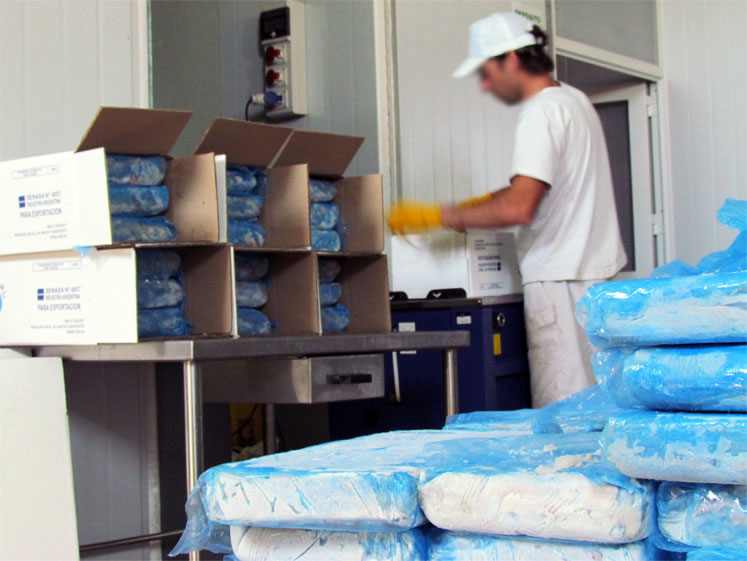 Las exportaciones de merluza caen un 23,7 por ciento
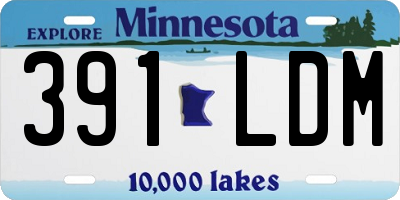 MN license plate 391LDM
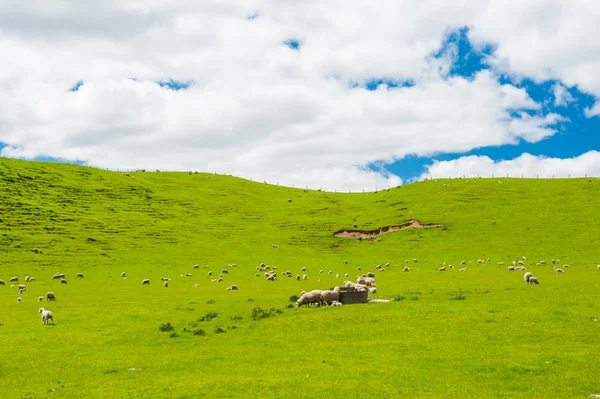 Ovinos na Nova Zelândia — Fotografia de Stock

○ ○ ○ ○ ○ ○ ○

**WORK REQUEST:** Leaving the pictures out, output each line of the listing exactly.

**RESPONSE BOX:**
 Las exportaciones de merluza caen un 23,7 por ciento
 MN license plate 391LDM
 Ovinos na Nova Zelândia — Fotografia de Stock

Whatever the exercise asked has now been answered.